Jardin

Gros œuvre et second œuvre : comment distinguer les deux phases d’un chantier

Auteur:

Quand on parle de construction, deux grandes phases structurent n’importe quel chantier : le gros œuvre et le second œuvre. La frontière entre les deux n’est pas qu’une question de vocabulaire technique — elle détermine qui intervient, dans quel ordre, et surtout à quel prix. Pourtant, beaucoup de maîtres d’ouvrage confondent les deux, signent des devis sans vraiment savoir ce qu’ils couvrent, et se retrouvent avec des surprises en cours de travaux.

Voici ce que recouvrent vraiment ces deux notions, comment les distinguer sur le terrain, et pourquoi cette distinction change concrètement la façon de budgéter et de piloter un projet immobilier.

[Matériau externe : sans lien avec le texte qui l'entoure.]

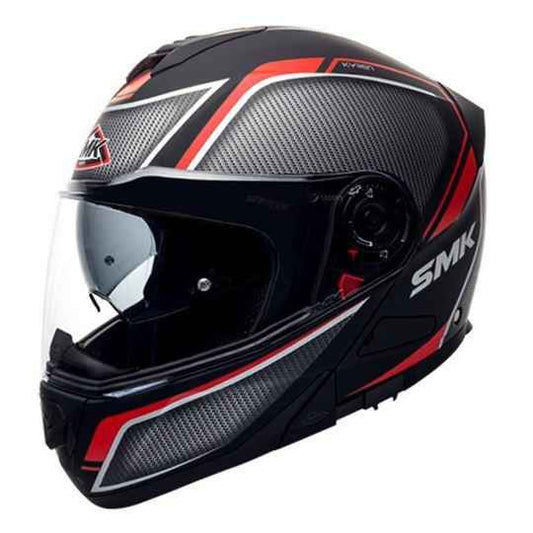 SMK Glide Kyren Modular Helmet Matt Black Red (MA263)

🏗️ Le gros œuvre : la structure qui porte tout

Définition et périmètre

Le gros œuvre désigne l’ensemble des ouvrages qui assurent la stabilité et la solidité d’un bâtiment. C’est la colonne vertébrale du projet : sans lui, rien ne tient. Il comprend :

  • Les fondations (superficielles ou profondes selon la nature du sol)
  • Les murs porteurs, refends et voiles béton
  • Les dalles et planchers intermédiaires
  • La charpente et la toiture (souvent incluses dans cette phase)
  • Les ouvertures structurelles : linteaux, poutres, poteaux

Un bâtiment est dit hors d’eau, hors d’air quand le gros œuvre est terminé — toiture posée, fenêtres et portes extérieures installées. C’est le repère clé qui marque la fin de cette première grande phase et le début de la suivante.

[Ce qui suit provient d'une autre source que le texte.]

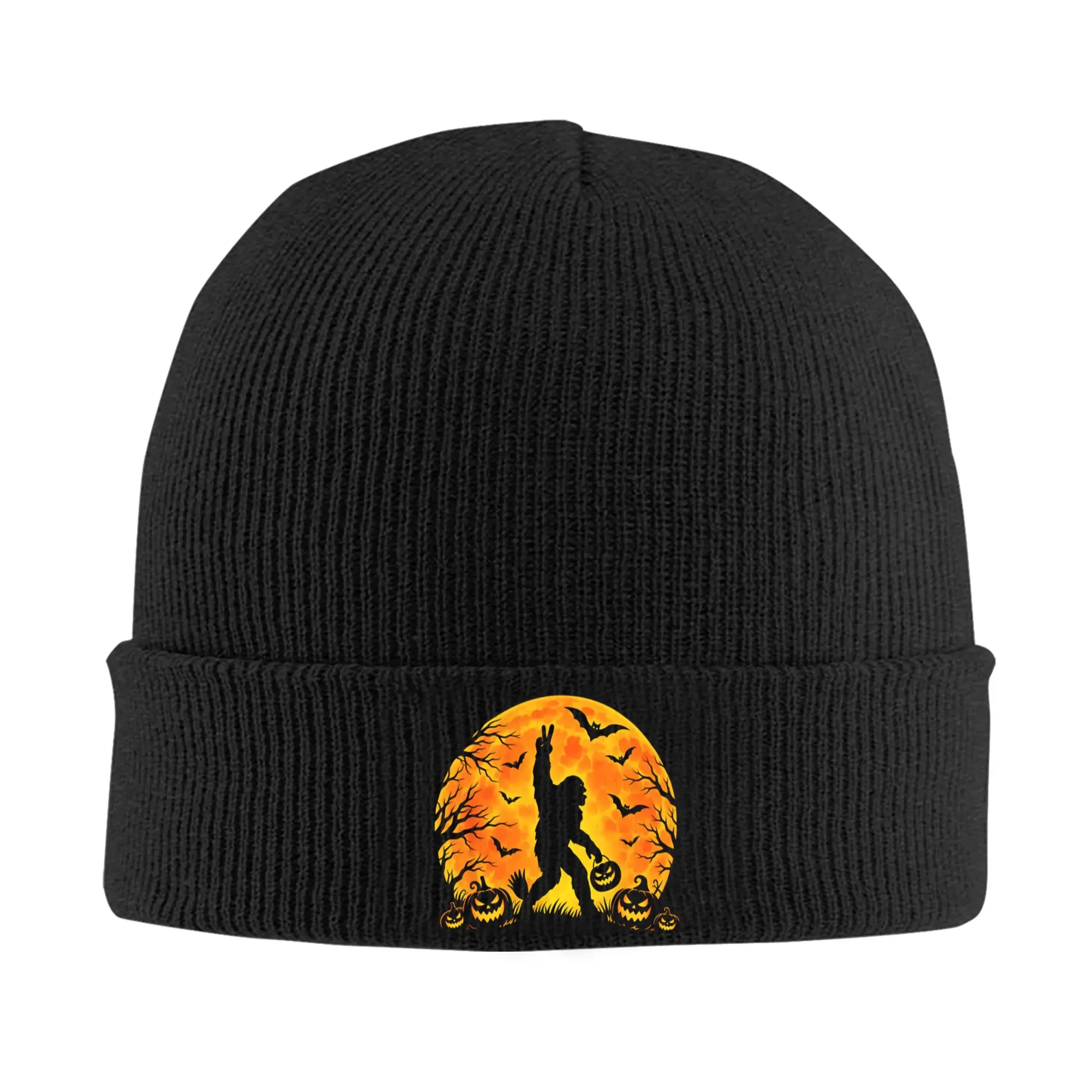 Peace Sign Bigfoot Halloween Spooky Pumpkin Full Moon Beanie Hats  Bonnet Hats Female Male Hip Hop Hippie Skullies Beanies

Qui réalise le gros œuvre ?

En France, le gros œuvre est généralement confié à une entreprise générale de maçonnerie ou à un constructeur de maisons individuelles sous contrat CCMI. Les corps de métier impliqués sont le maçon, le charpentier, le couvreur et parfois le terrassier pour la préparation du terrain. La durée de cette phase varie selon la taille du projet : comptez 3 à 6 mois pour une maison individuelle standard.

💡 Notre conseil

Avant de démarrer le gros œuvre, faites réaliser une étude de sol (G2 AVP minimum). Elle coûte entre 1 000 et 2 500 € mais peut éviter des surcoûts de fondations à six chiffres si le terrain réserve de mauvaises surprises.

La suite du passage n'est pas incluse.